#### [SUPPLIED INFORMATION]
============

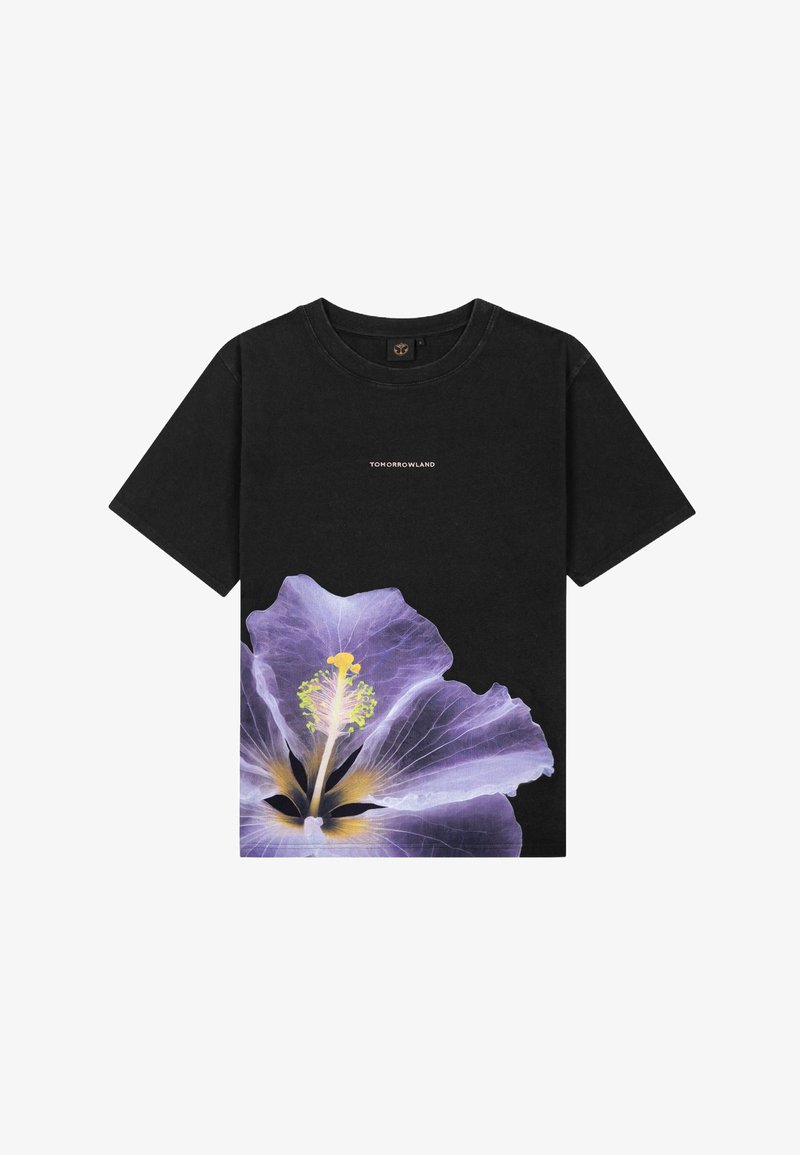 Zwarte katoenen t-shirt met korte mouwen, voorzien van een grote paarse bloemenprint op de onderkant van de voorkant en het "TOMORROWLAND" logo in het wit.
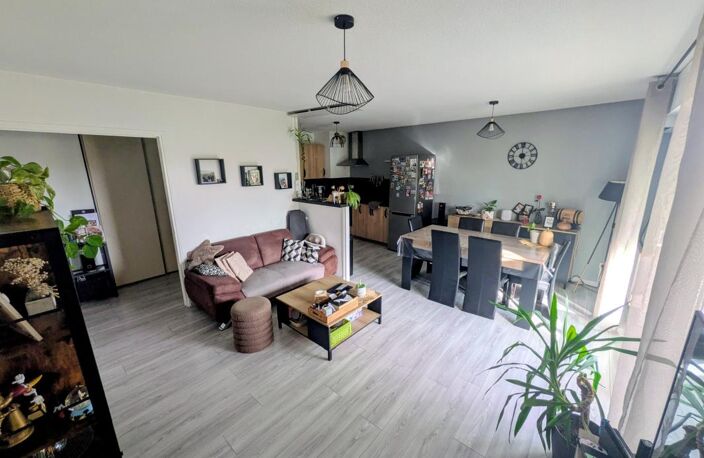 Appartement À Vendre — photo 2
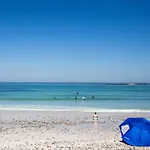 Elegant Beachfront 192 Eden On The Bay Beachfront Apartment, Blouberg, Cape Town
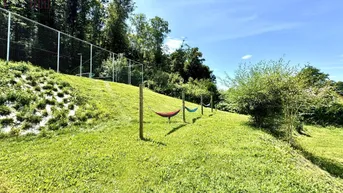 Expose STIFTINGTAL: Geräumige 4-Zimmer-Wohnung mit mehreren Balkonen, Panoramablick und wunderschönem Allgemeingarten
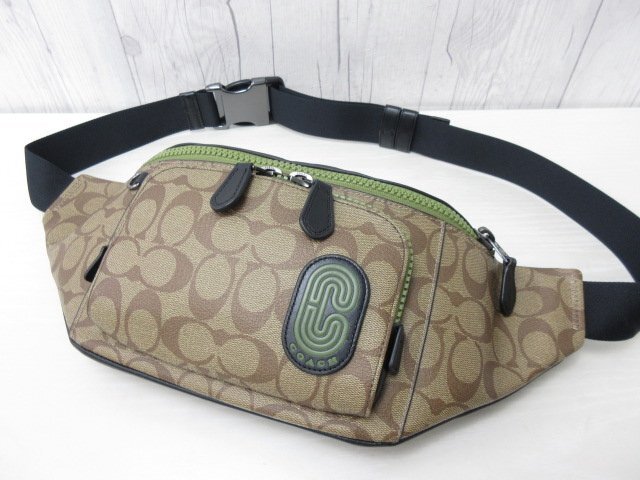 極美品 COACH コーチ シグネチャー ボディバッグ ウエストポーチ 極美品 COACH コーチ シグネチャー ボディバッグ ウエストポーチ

============

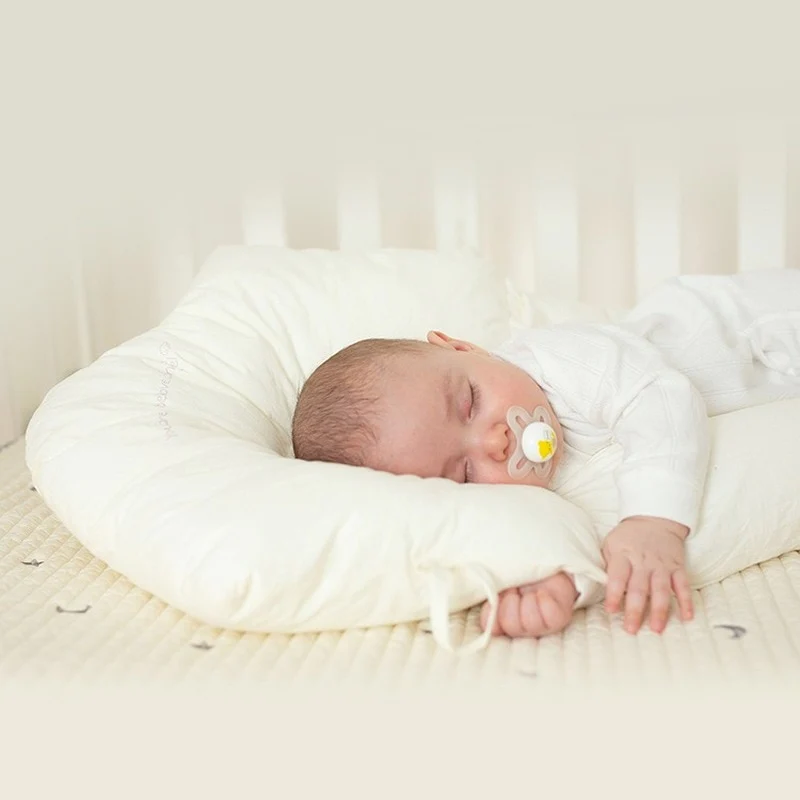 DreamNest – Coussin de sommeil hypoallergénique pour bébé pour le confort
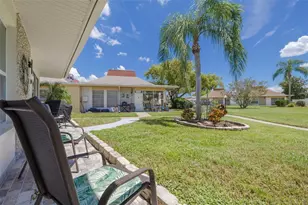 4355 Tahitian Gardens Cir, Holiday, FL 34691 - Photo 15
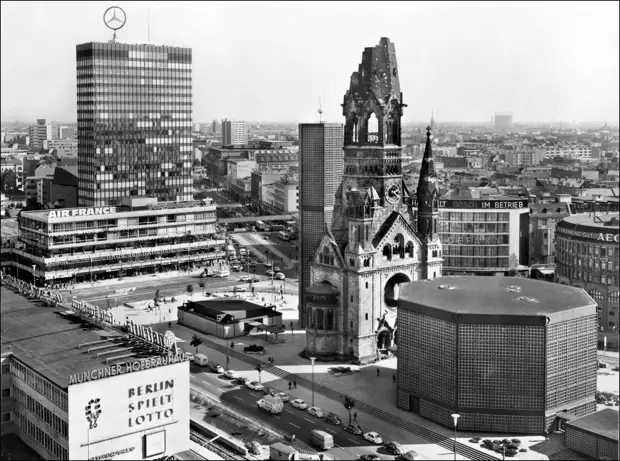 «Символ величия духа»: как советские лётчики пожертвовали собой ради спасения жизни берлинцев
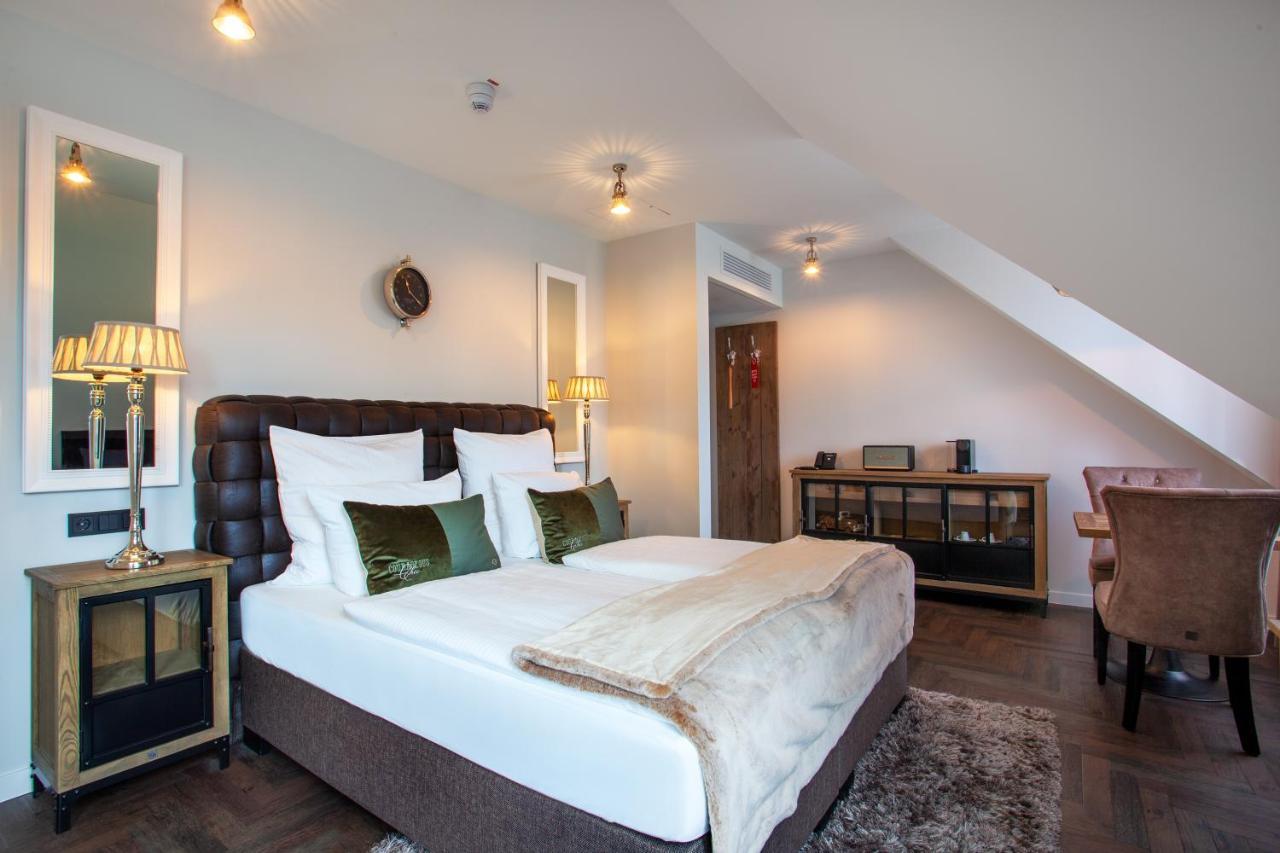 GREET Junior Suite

============

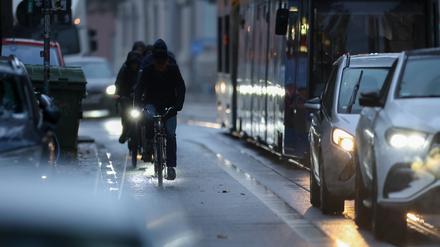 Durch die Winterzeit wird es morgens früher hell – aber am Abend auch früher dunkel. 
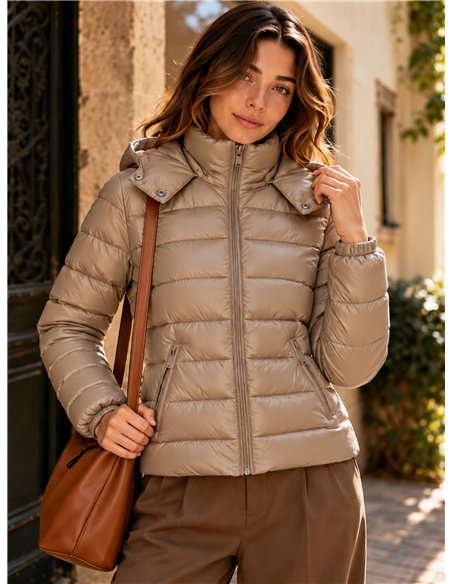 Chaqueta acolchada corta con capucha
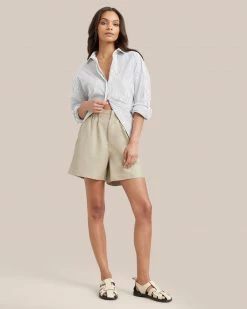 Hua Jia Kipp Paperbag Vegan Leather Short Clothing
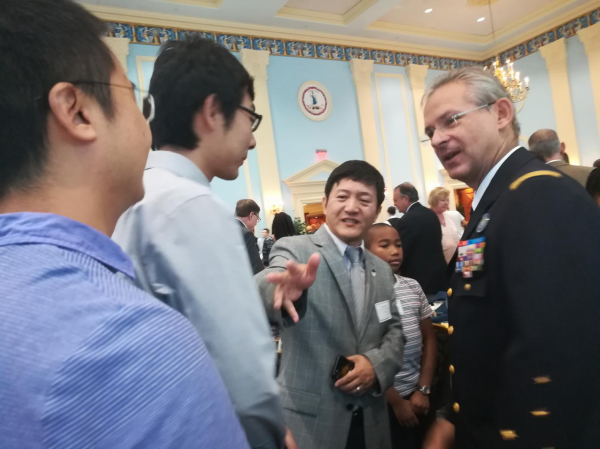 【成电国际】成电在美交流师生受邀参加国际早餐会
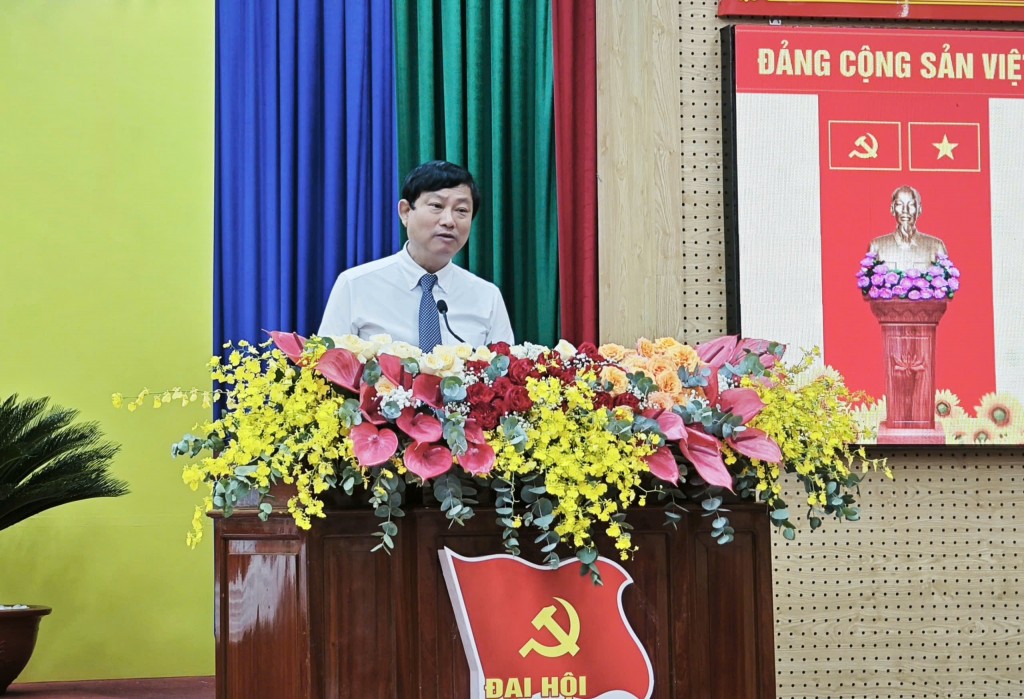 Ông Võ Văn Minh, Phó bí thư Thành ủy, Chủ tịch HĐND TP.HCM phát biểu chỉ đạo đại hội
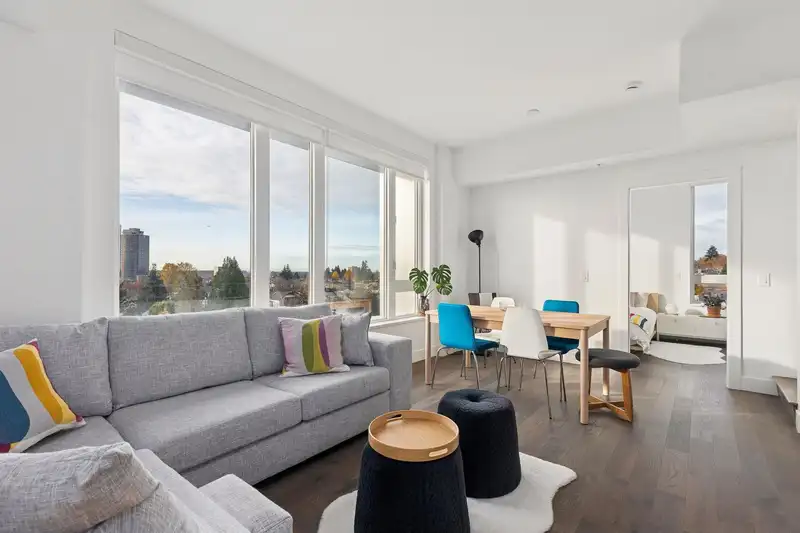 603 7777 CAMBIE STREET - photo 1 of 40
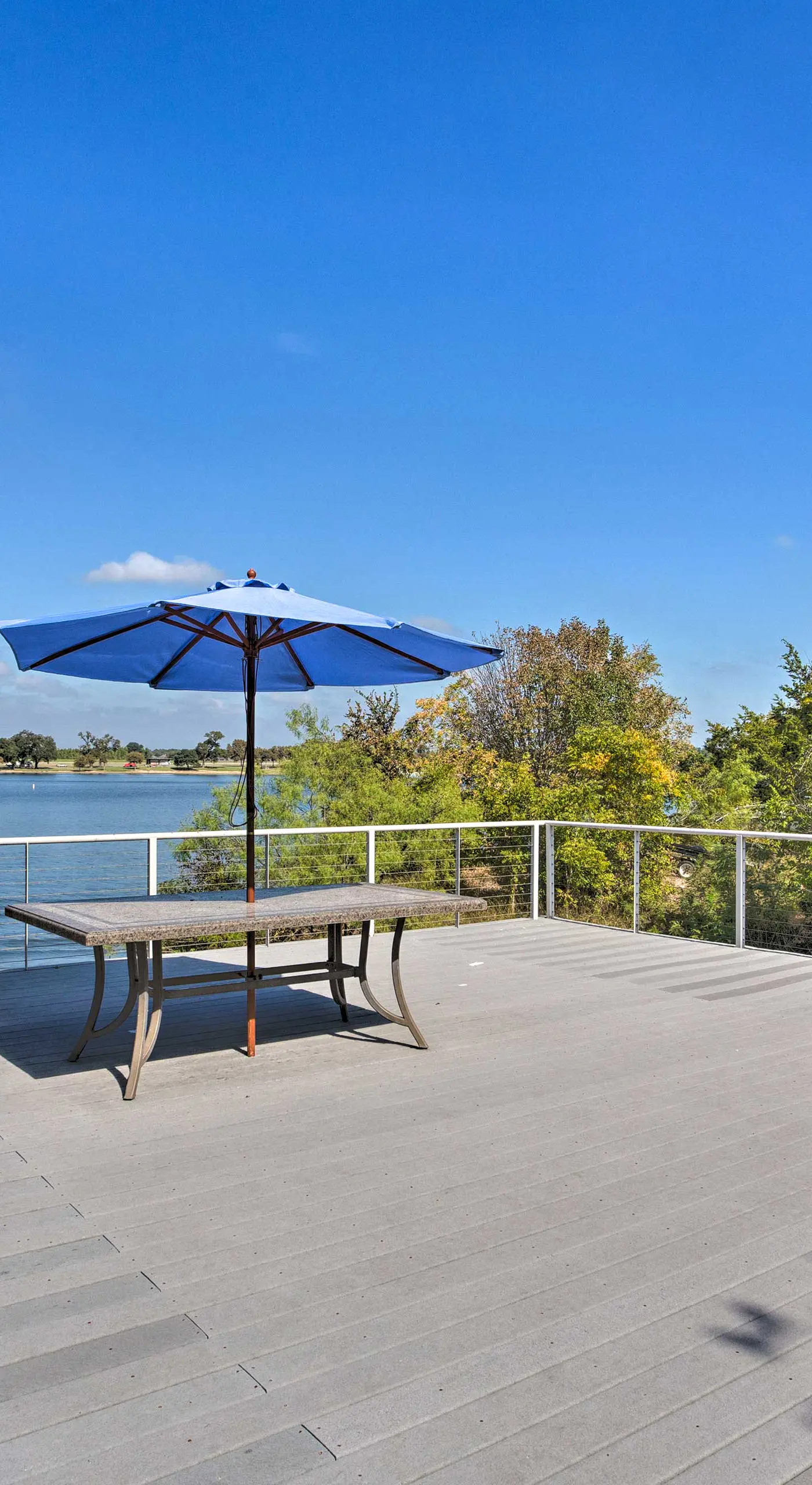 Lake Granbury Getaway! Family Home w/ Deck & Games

============

#### [WORK REQUEST]
Return exactly the lines above, from the one with "Zwarte katoenen t-shirt" up to and including the one with "Elegant Beachfront 192", and include no pictures.

#### [RESPONSE FOR THIS EXERCISE]
 Zwarte katoenen t-shirt met korte mouwen, voorzien van een grote paarse bloemenprint op de onderkant van de voorkant en het "TOMORROWLAND" logo in het wit.
 Appartement À Vendre — photo 2
 Elegant Beachfront 192 Eden On The Bay Beachfront Apartment, Blouberg, Cape Town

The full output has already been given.